Manche Singles werden sich freuen, wenn sie von einer gewissen Bella DePaulo hören. Die Dame ist Wissenschaftlerin und hat das getan, was Wissenschaftler üblicherweise tun, wenn sie mal richtig Kohle machen wollen: Sie hatte 2007 ein spektakuläres Buch geschrieben, von dem sie behauptete, dass es auf ihren Forschungen basiere. Der Titel ist lang:
“Singled Out: How Singles Are Stereotyped, Stigmatized, and Ignored, and Still Live Happily Ever After”
Es ist ein Loblied auf den Single und zugleich ein Angriff auf die Gesellschaftsordnung in den USA, die Ehepaare angeblich gegenüber Singles bevorzugt.
Weil auch das populärste Buch irgendwann einmal einen Nachfolger braucht, hat sie 2015 dann ein neues Buch veröffentlicht, wieder mit einem Bandwurmtitel:
Marriage vs. Single Life: How Science and the Media Got It So Wrong
Was sie uns sagen will, ist zwar dasselbe, aber anderes: Sowohl der Wissenschaftsbetrieb (dem sie ebenfalls angehört), wie auch die Medien (der Feind wir schon auf dem Titelbild deutlich) sehen alles ganz falsch.

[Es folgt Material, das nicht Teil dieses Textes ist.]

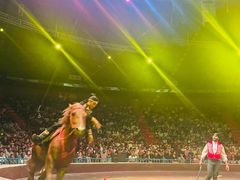 -俄罗斯国家大马戏团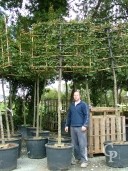 Carpinus Betulus   16-18 Pleached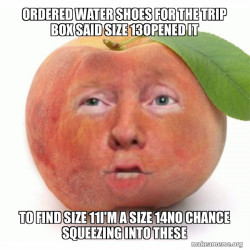 Impeached Donald Trump
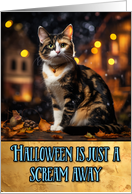 Calico Cat Halloween card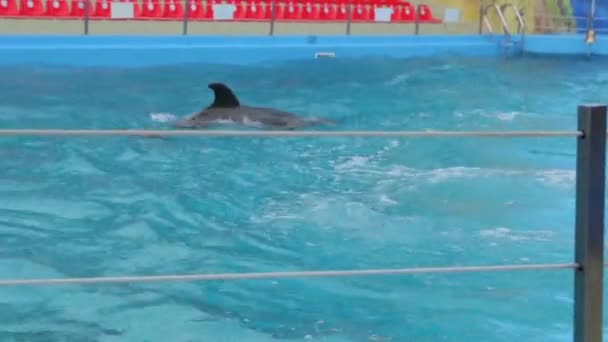 Los delfines en la piscina — Vídeos de Stock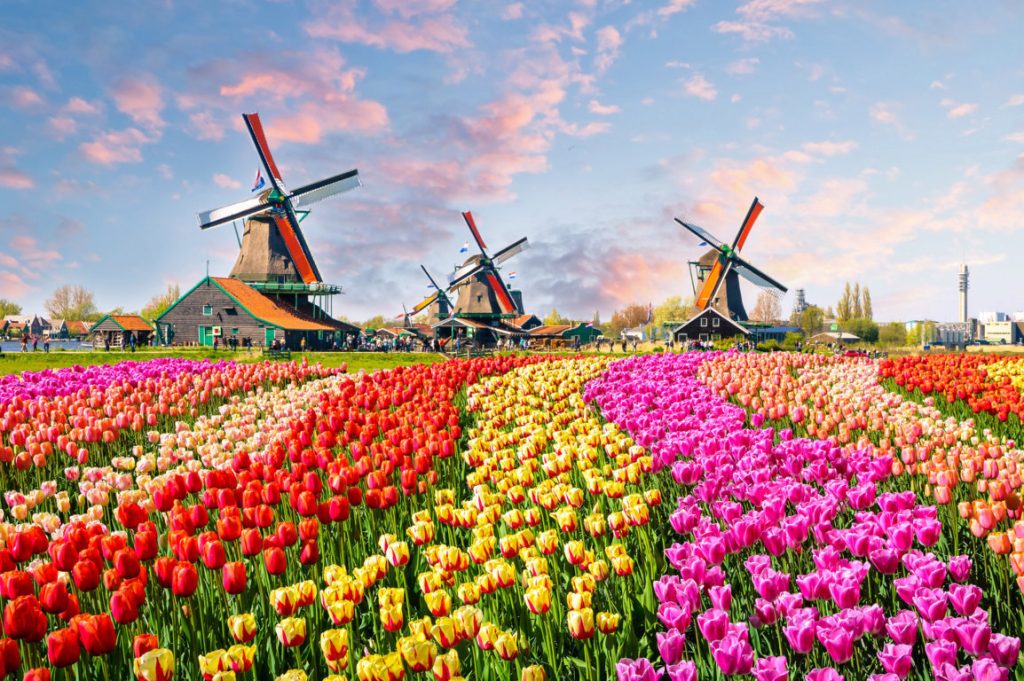 Scenic Group: Die Magie der Tulpensaison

Wer trägt die Schuld an der Desinformation: Wissenschaftler oder Medien?
Höre ich da „Lügenpresse, Lügenpresse?“ Sicher ist: Die Presse ist längst zur willfährigen Hure der Geisteswissenschaften geworden. Aber das gilt für ihre gesamte Bandbreite und beruht darauf, dass Redakteurinnen und Redakteure oftmals dazu gedrängt werden, den Unsinn zu veröffentlichen, denn die Quellen gelten als verlässlich.
Also: Nicht die Medien sind ursächlich schuld an dem Bullshit, der unters Volk kommt, sondern die Wissenschaftler. Denn ohne die Medien wären Geisteswissenschaftler heute kleine, oftmals kaum mehr beachtete Rädchen in einem riesigen Forschungsbetrieb, in dem sich die Unterschiede zwischen Sinn und Unsinn immer mehr verwischen. Und natürlich hilf Publicity beim Verkauf der eigenen Bücher.
Single-Verherrlichung ohne Sinn
Was will die Single-Verherrlicherin Bella DePaulo?
Sie sagt es ein einem Satz:
Als Single zu leben erlaubt es ihnen, die beste, erfüllendste Version ihres Lebens zu leben. So authentisch und wertvoll, wie sie es sich vorstellen.
Das ist –wie man deutlich erkennen kann – ein Mantra, aber keine Tatsache. Und in dieser Form geht es auch gleich weiter, denn Frau DePaulo bestreitet, dass Menschen in Beziehungen glücklicher Leben als Singles. Von der Wissenschaft würden immer nur diejenigen befragt, deren Ehe gehalten habe, während die Geschiedenen den Singles zugerechnet würden. Und überhaupt – ist die Scheidungsrate nicht der Beweis dafür, dass Ehen nicht so glücklich machen, wie behauptet wird?
All das klingt eher nach einer Kampagne als nach seriöser Forschung. Wobei der Begriff „seriös“ natürlich dehnbar ist. Wer die entsprechenden Wörter wie „Glück“ und „Liebe“ beliebig lang und breit ziehen kann, kann sie auch mit beliebigen Zielen „beforschen“.
Und dann heißt es eben:
Singles haben ein anderes, breiteres Verständnis für Beziehungen und Liebe, deshalb stehen sie ihren Freunden und Verwandten, aber auch Nachbarn und Bekannten oft näher.
Gut – und was lernen wir daraus als Singles und als Verheiratete?
Sollen sich Singles also ein „Breites Verhältnis für die Liebe“ ausdenken? Ein bisschen herumferkeln mit Liebe: Hier ein bisschen trösten, dort ein bisschen vögeln? Hier ein Blümchen schenken, dort eine Grabrede halten?
Wenn Sie meinen, dass dies so gut und richtig ist, dann kann ich Sie nicht daran hindern. Aber eines kann ich Ihnen verraten: Synergien, die aus Zweierbeziehung erwachsen, entstehen dadurch nicht. Sondern nur ein zerklüftetes, unzuverlässiges pseudo-soziales „Netzwerk“, in dem gerade die Interessen verwirklicht werden, die jemandem gerade in den Kram passen.